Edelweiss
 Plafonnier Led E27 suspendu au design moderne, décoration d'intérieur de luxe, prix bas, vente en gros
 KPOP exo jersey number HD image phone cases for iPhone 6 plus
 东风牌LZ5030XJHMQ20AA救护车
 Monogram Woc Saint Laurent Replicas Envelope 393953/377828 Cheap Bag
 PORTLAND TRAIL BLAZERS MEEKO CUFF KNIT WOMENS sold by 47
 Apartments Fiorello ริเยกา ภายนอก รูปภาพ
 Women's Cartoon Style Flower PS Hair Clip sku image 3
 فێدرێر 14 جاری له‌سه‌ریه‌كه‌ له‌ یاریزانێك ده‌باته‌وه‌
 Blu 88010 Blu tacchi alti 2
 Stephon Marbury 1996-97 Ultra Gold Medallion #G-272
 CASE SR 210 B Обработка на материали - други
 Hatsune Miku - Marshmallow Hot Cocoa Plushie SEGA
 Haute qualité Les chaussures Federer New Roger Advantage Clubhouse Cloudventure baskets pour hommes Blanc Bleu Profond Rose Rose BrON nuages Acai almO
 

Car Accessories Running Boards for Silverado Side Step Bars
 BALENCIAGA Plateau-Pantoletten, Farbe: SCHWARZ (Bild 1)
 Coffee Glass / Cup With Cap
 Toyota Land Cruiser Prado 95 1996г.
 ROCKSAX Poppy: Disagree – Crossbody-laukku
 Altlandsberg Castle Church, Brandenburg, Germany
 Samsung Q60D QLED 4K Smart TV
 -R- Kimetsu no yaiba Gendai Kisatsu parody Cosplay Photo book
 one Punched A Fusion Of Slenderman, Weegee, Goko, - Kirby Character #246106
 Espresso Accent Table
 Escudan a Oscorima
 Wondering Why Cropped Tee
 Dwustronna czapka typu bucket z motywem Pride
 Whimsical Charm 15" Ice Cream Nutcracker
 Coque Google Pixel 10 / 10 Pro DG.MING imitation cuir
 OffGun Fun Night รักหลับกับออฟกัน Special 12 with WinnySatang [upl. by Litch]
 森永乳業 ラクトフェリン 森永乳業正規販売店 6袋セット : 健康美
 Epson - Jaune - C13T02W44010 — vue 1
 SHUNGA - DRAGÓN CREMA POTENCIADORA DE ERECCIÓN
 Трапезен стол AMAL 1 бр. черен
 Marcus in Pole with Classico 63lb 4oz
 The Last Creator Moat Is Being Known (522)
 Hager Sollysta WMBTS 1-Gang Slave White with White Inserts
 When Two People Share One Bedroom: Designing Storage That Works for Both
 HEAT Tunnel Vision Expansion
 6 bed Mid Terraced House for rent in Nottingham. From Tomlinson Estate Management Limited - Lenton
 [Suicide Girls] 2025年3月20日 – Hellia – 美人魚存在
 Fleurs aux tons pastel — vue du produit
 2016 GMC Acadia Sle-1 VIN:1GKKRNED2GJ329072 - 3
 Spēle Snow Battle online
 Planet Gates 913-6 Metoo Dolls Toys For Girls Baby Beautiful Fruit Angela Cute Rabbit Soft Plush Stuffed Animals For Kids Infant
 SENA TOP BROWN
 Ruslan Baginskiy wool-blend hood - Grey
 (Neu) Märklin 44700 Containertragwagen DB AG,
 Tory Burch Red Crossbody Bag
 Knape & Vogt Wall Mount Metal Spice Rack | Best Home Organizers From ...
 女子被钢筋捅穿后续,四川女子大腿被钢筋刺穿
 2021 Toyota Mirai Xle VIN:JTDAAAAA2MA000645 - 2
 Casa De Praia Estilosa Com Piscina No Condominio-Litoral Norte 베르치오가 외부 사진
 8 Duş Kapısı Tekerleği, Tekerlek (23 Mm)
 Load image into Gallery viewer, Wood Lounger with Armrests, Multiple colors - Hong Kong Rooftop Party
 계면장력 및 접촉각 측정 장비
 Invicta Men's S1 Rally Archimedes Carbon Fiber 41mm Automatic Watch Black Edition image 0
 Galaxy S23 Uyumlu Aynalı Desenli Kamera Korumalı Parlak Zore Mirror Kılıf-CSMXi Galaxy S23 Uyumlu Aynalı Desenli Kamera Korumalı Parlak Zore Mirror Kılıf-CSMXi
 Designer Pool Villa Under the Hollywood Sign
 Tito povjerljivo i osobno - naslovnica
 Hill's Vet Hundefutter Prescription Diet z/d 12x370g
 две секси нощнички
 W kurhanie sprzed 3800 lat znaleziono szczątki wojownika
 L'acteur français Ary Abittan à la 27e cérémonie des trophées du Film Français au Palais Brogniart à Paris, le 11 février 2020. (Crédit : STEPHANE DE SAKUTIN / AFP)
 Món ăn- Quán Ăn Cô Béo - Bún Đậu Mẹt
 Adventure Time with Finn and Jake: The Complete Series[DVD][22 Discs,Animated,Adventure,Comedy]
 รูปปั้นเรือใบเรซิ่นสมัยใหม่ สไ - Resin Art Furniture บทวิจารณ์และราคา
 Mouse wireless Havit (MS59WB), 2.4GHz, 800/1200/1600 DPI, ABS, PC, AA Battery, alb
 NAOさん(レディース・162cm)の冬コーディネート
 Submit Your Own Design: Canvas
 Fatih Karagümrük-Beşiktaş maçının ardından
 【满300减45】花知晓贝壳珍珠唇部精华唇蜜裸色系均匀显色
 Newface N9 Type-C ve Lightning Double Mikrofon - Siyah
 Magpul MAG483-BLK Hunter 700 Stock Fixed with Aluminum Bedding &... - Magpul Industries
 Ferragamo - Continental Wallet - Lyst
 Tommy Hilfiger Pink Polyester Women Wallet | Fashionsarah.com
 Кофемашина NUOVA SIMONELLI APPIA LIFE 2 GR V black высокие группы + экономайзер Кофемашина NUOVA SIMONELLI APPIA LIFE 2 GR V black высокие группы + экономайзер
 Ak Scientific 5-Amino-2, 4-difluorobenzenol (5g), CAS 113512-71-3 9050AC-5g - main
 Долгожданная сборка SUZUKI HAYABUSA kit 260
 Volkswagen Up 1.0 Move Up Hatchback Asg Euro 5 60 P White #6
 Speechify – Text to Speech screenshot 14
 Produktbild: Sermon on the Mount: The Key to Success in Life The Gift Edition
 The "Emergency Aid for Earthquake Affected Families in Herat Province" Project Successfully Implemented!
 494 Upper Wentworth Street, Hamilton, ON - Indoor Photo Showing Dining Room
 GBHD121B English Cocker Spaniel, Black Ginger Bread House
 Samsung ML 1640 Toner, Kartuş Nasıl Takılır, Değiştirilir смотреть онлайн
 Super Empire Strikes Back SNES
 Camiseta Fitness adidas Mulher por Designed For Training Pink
○ ○ ○
• WORK INSTRUCTIONS:
Every line of the data must be written out again word for word.

• OUTPUT OF THE EXERCISE:
Edelweiss
 Plafonnier Led E27 suspendu au design moderne, décoration d'intérieur de luxe, prix bas, vente en gros
 KPOP exo jersey number HD image phone cases for iPhone 6 plus
 东风牌LZ5030XJHMQ20AA救护车
 Monogram Woc Saint Laurent Replicas Envelope 393953/377828 Cheap Bag
 PORTLAND TRAIL BLAZERS MEEKO CUFF KNIT WOMENS sold by 47
 Apartments Fiorello ริเยกา ภายนอก รูปภาพ
 Women's Cartoon Style Flower PS Hair Clip sku image 3
 فێدرێر 14 جاری له‌سه‌ریه‌كه‌ له‌ یاریزانێك ده‌باته‌وه‌
 Blu 88010 Blu tacchi alti 2
 Stephon Marbury 1996-97 Ultra Gold Medallion #G-272
 CASE SR 210 B Обработка на материали - други
 Hatsune Miku - Marshmallow Hot Cocoa Plushie SEGA
 Haute qualité Les chaussures Federer New Roger Advantage Clubhouse Cloudventure baskets pour hommes Blanc Bleu Profond Rose Rose BrON nuages Acai almO
 

Car Accessories Running Boards for Silverado Side Step Bars
 BALENCIAGA Plateau-Pantoletten, Farbe: SCHWARZ (Bild 1)
 Coffee Glass / Cup With Cap
 Toyota Land Cruiser Prado 95 1996г.
 ROCKSAX Poppy: Disagree – Crossbody-laukku
 Altlandsberg Castle Church, Brandenburg, Germany
 Samsung Q60D QLED 4K Smart TV
 -R- Kimetsu no yaiba Gendai Kisatsu parody Cosplay Photo book
 one Punched A Fusion Of Slenderman, Weegee, Goko, - Kirby Character #246106
 Espresso Accent Table
 Escudan a Oscorima
 Wondering Why Cropped Tee
 Dwustronna czapka typu bucket z motywem Pride
 Whimsical Charm 15" Ice Cream Nutcracker
 Coque Google Pixel 10 / 10 Pro DG.MING imitation cuir
 OffGun Fun Night รักหลับกับออฟกัน Special 12 with WinnySatang [upl. by Litch]
 森永乳業 ラクトフェリン 森永乳業正規販売店 6袋セット : 健康美
 Epson - Jaune - C13T02W44010 — vue 1
 SHUNGA - DRAGÓN CREMA POTENCIADORA DE ERECCIÓN
 Трапезен стол AMAL 1 бр. черен
 Marcus in Pole with Classico 63lb 4oz
 The Last Creator Moat Is Being Known (522)
 Hager Sollysta WMBTS 1-Gang Slave White with White Inserts
 When Two People Share One Bedroom: Designing Storage That Works for Both
 HEAT Tunnel Vision Expansion
 6 bed Mid Terraced House for rent in Nottingham. From Tomlinson Estate Management Limited - Lenton
 [Suicide Girls] 2025年3月20日 – Hellia – 美人魚存在
 Fleurs aux tons pastel — vue du produit
 2016 GMC Acadia Sle-1 VIN:1GKKRNED2GJ329072 - 3
 Spēle Snow Battle online
 Planet Gates 913-6 Metoo Dolls Toys For Girls Baby Beautiful Fruit Angela Cute Rabbit Soft Plush Stuffed Animals For Kids Infant
 SENA TOP BROWN
 Ruslan Baginskiy wool-blend hood - Grey
 (Neu) Märklin 44700 Containertragwagen DB AG,
 Tory Burch Red Crossbody Bag
 Knape & Vogt Wall Mount Metal Spice Rack | Best Home Organizers From ...
 女子被钢筋捅穿后续,四川女子大腿被钢筋刺穿
 2021 Toyota Mirai Xle VIN:JTDAAAAA2MA000645 - 2
 Casa De Praia Estilosa Com Piscina No Condominio-Litoral Norte 베르치오가 외부 사진
 8 Duş Kapısı Tekerleği, Tekerlek (23 Mm)
 Load image into Gallery viewer, Wood Lounger with Armrests, Multiple colors - Hong Kong Rooftop Party
 계면장력 및 접촉각 측정 장비
 Invicta Men's S1 Rally Archimedes Carbon Fiber 41mm Automatic Watch Black Edition image 0
 Galaxy S23 Uyumlu Aynalı Desenli Kamera Korumalı Parlak Zore Mirror Kılıf-CSMXi Galaxy S23 Uyumlu Aynalı Desenli Kamera Korumalı Parlak Zore Mirror Kılıf-CSMXi
 Designer Pool Villa Under the Hollywood Sign
 Tito povjerljivo i osobno - naslovnica
 Hill's Vet Hundefutter Prescription Diet z/d 12x370g
 две секси нощнички
 W kurhanie sprzed 3800 lat znaleziono szczątki wojownika
 L'acteur français Ary Abittan à la 27e cérémonie des trophées du Film Français au Palais Brogniart à Paris, le 11 février 2020. (Crédit : STEPHANE DE SAKUTIN / AFP)
 Món ăn- Quán Ăn Cô Béo - Bún Đậu Mẹt
 Adventure Time with Finn and Jake: The Complete Series[DVD][22 Discs,Animated,Adventure,Comedy]
 รูปปั้นเรือใบเรซิ่นสมัยใหม่ สไ - Resin Art Furniture บทวิจารณ์และราคา
 Mouse wireless Havit (MS59WB), 2.4GHz, 800/1200/1600 DPI, ABS, PC, AA Battery, alb
 NAOさん(レディース・162cm)の冬コーディネート
 Submit Your Own Design: Canvas
 Fatih Karagümrük-Beşiktaş maçının ardından
 【满300减45】花知晓贝壳珍珠唇部精华唇蜜裸色系均匀显色
 Newface N9 Type-C ve Lightning Double Mikrofon - Siyah
 Magpul MAG483-BLK Hunter 700 Stock Fixed with Aluminum Bedding &... - Magpul Industries
 Ferragamo - Continental Wallet - Lyst
 Tommy Hilfiger Pink Polyester Women Wallet | Fashionsarah.com
 Кофемашина NUOVA SIMONELLI APPIA LIFE 2 GR V black высокие группы + экономайзер Кофемашина NUOVA SIMONELLI APPIA LIFE 2 GR V black высокие группы + экономайзер
 Ak Scientific 5-Amino-2, 4-difluorobenzenol (5g), CAS 113512-71-3 9050AC-5g - main
 Долгожданная сборка SUZUKI HAYABUSA kit 260
 Volkswagen Up 1.0 Move Up Hatchback Asg Euro 5 60 P White #6
 Speechify – Text to Speech screenshot 14
 Produktbild: Sermon on the Mount: The Key to Success in Life The Gift Edition
 The "Emergency Aid for Earthquake Affected Families in Herat Province" Project Successfully Implemented!
 494 Upper Wentworth Street, Hamilton, ON - Indoor Photo Showing Dining Room
 GBHD121B English Cocker Spaniel, Black Ginger Bread House
 Samsung ML 1640 Toner, Kartuş Nasıl Takılır, Değiştirilir смотреть онлайн
 Super Empire Strikes Back SNES
 Camiseta Fitness adidas Mulher por Designed For Training Pink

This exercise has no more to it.